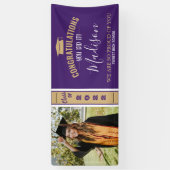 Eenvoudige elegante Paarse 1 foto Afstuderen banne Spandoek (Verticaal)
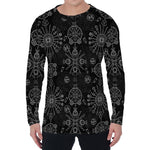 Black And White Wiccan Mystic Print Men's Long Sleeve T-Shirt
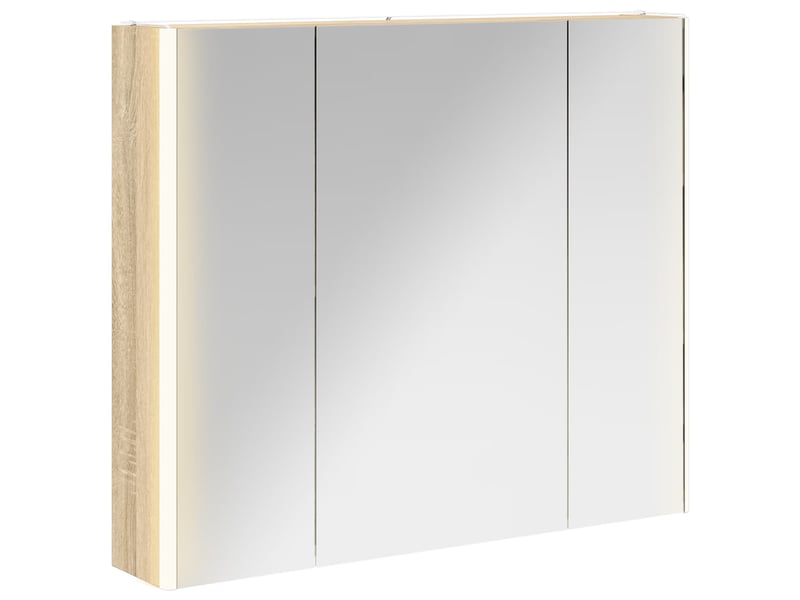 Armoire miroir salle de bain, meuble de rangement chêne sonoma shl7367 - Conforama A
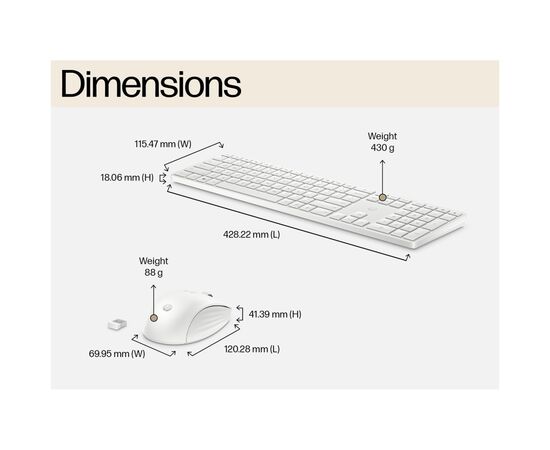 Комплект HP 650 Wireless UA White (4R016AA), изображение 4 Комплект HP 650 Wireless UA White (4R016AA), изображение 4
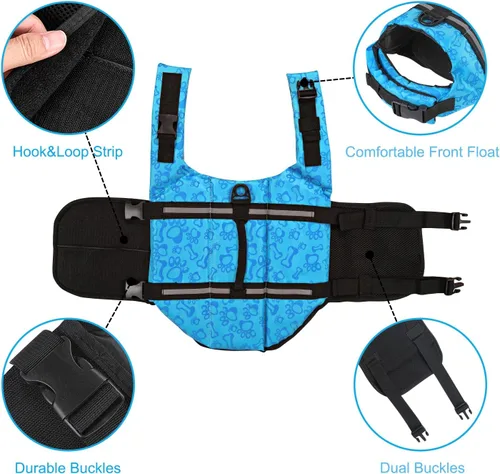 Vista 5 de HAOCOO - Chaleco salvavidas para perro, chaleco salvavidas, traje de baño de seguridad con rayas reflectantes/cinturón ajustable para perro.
--
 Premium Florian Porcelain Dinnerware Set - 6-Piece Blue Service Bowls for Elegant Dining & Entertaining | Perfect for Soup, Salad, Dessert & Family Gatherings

Exercise
Above are the records; restate exactly the lines from the one containing "Black And White" through the one containing "Vista 5 de HAOCOO", keeping pictures out.

Expected answer
 Black And White Wiccan Mystic Print Men's Long Sleeve T-Shirt
 Armoire miroir salle de bain, meuble de rangement chêne sonoma shl7367 - Conforama A
 Комплект HP 650 Wireless UA White (4R016AA), изображение 4 Комплект HP 650 Wireless UA White (4R016AA), изображение 4
 Vista 5 de HAOCOO - Chaleco salvavidas para perro, chaleco salvavidas, traje de baño de seguridad con rayas reflectantes/cinturón ajustable para perro.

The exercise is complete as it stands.